The morning sun was still hidden behind the eastern horizon, but the muted pre-dawn light was beginning to bring silhouettes to life. Images appeared out of the very darkness of the night now passing. It had been a night of little sleep.
Tortured words escaped from his mouth between sobs and moans. His was a condition not so much of physical pain, but a condition of mental anguish and unbearable remorse.
He deserved no pity, no helping hand, no warm bed, no full stomach, and he knew it. He had made a bed for himself – a bed of his own design and choosing. Now he was lying in it.
He agonized over the events of the past months. What had happened? How had everything fallen apart so fast? He’d been such an idiot!
His last hope lay before him. He wanted to go home more than anything, but he was afraid. He felt he had no place there anymore – so for a long time, he had dismissed any thought of it. But as desperation threatened to swallow him whole, he had finally picked up his bruised and broken body and began his journey home.

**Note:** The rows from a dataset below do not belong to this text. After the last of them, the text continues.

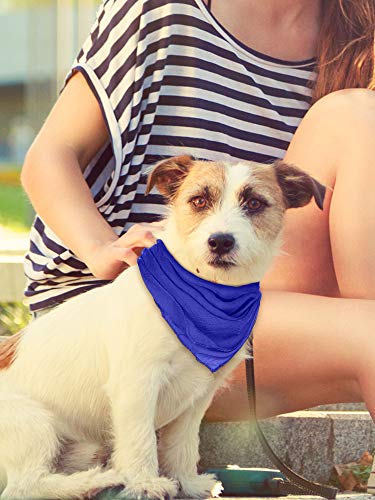 Boao 6 Pieces Chiffon Scarf 1950s Square Neck Head Scarfs Vintage Soft Polyester for Women Lady4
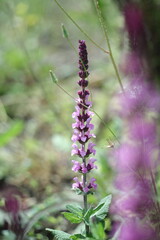 purple flowers in a garden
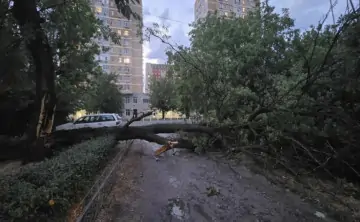 Электроснабжение восстановили во всех районах города. Фото donnews.ru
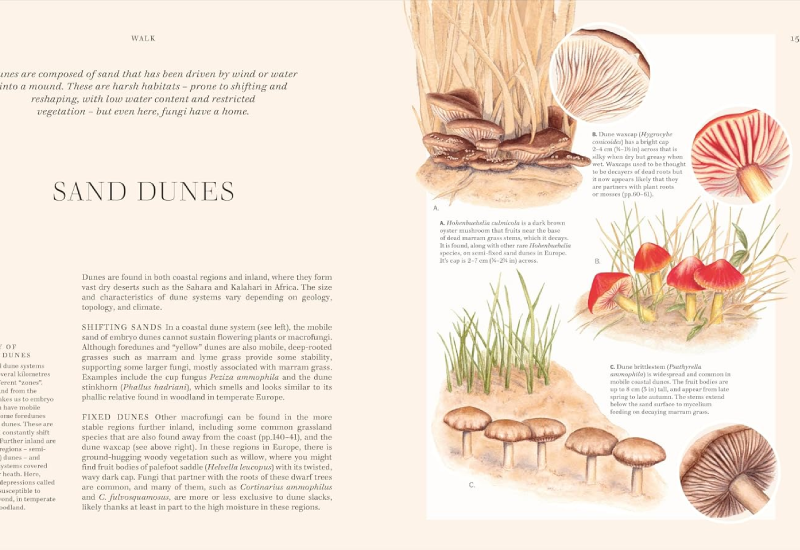 Book Fungi Boddy Lynne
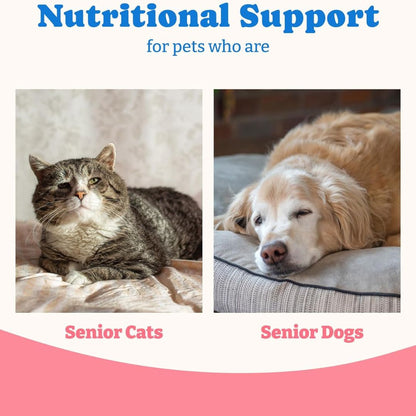 NutriPaw™ Energy Gel
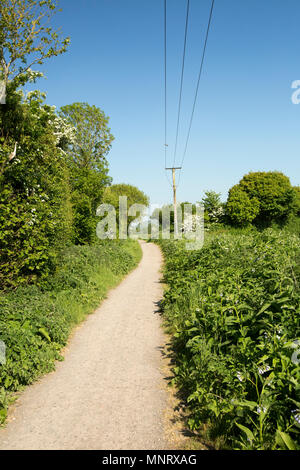 Guardando in direzione di Shillingstone sul Dorset Trailway vicino mulino Fiddleford non lontano da Sturminster Newton. Il Dorset Trailway è in gran parte Foto Stock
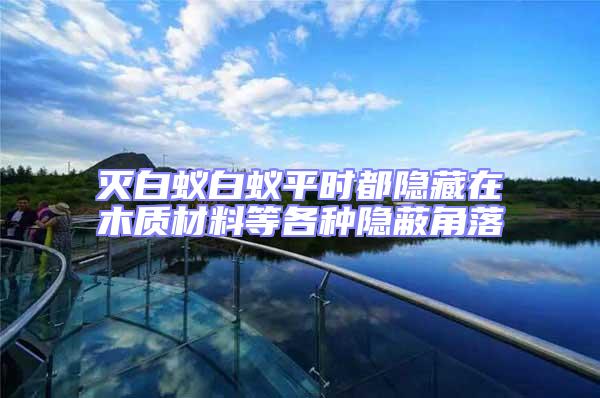 滅白蟻白蟻平時都隱藏在木質(zhì)材料等各種隱蔽角落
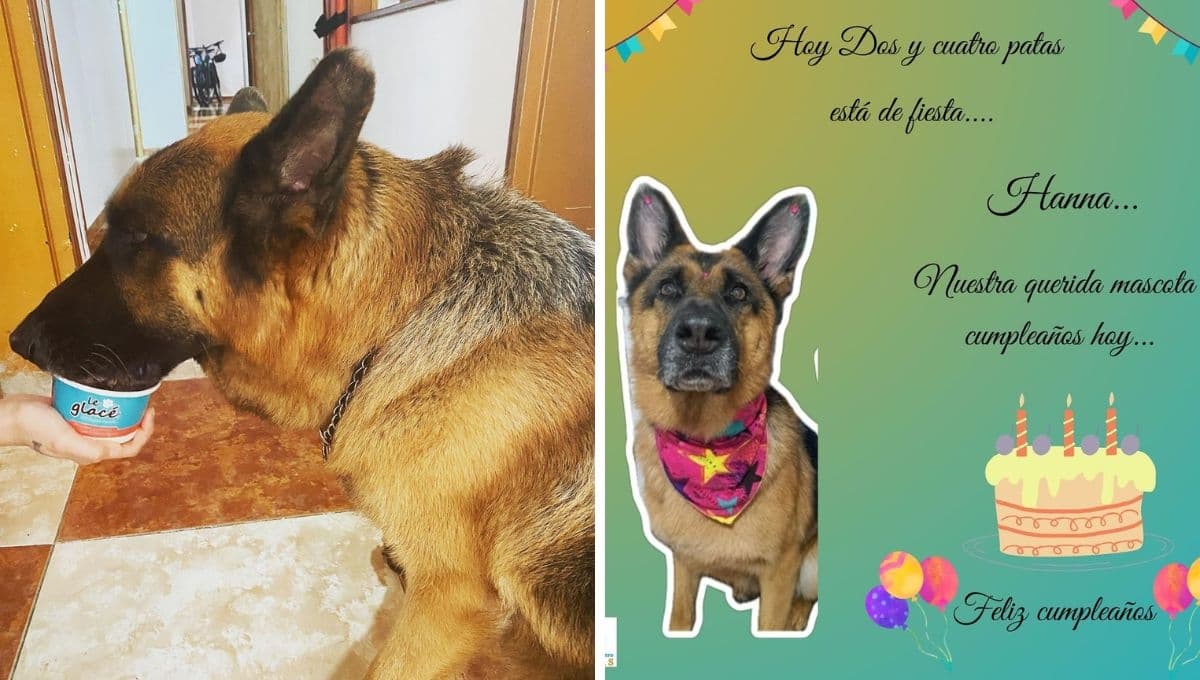 La escalofriante historia de un perrita que murió el día de su cumpleaños por envenenamiento
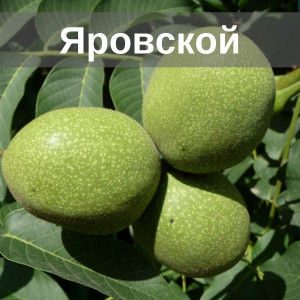 Горіх Яровський 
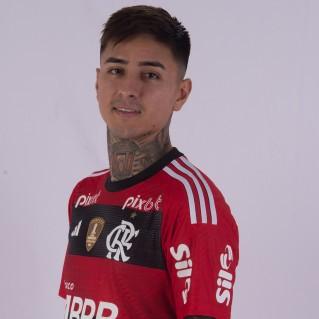 Erick Pulgar
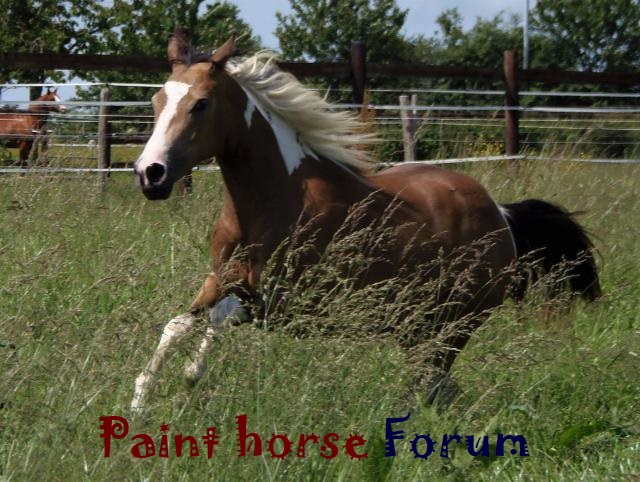 Le forum du paint horse Index du Forum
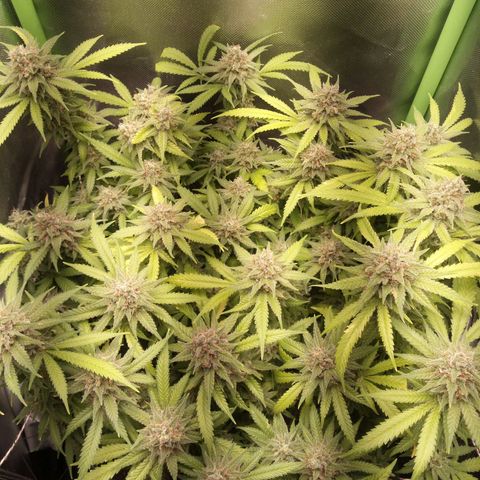 Aardbei Hoest growlog timeline photo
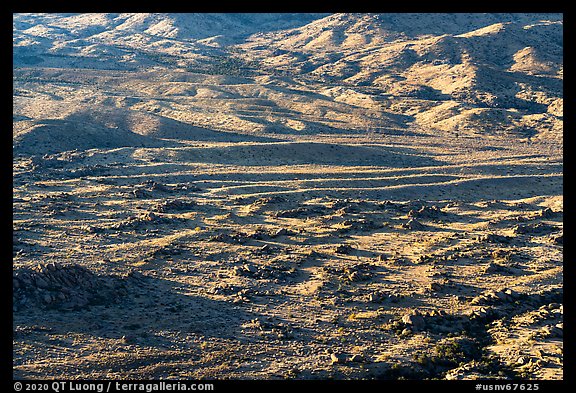 Cedar Basin, early morning. Gold Butte National Monument, Nevada, USA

Now, just below the hillcrest that formed the boundary of his father’s estate, he waited. He wanted so badly to take those last steps toward home, but he hesitated. He was sure he would be rejected, just as he had rejected the love and care of his own father those many months ago. He would not be welcome, he was certain of it, but what choice did he have?
Finally, as the first rays of the sunrise came streaming into the valley, the young man picked himself up and stumbled over the hilltop on the last leg of his weary travels.
“I won’t even ask him to forgive me,” he mumbled to himself. “What I’ve done is unforgivable! I’ll just admit I was wrong. I’ll throw myself on his mercy. Maybe he’ll make me one of his hired workers, at least then I’ll have food to eat…I don’t even deserve that, but I have to try…”
The green pastures below him were aglow with the light of a new day, long shadows filled the fertile vineyards. “I’ll just go around to the servants’ entrance. I don’t want to cause an embarrassing scene. He may not even recognize me… he may choose not to recognize me.” Apprehension gripped him, but he stumbled on. He suddenly felt very young and foolish, unable to hold his head up, or raise his eyes above the path before him. The young man steeled himself to the humiliating scene that awaited him.
Then he heard it – shouts and commotion, far in the distance, by the house. What was that? Someone running toward him? A man, running, with his arms out and his robes flowing behind him. “Am I seeing things?” The young man felt delirious. “Surely they were expecting someone else -?” He stopped in his tracks. “It can’t be…”
“Son! My son!” The old man ran as fast as he could, tears of joy streaming down his face and into his beard. He reached his son just in time to catch his fatigued body as it crumpled in a heap, into waiting arms.
Warmth and relief flooded the young man – he tried to speak, to say the words he had rehearsed all the way home, “Father, I have sinned…I am not worthy…” But his words were drowned by the tears and by the kisses of his own loving dad.
“Welcome home, my son.” The words came like spring rain on parched earth. Then his father turned to the servants who had hurried to join them. “Come. Let’s celebrate! For this son of mine was dead, but is now alive again!”
And if any had ears to hear it, the sound of angels rejoicing filled the heavens.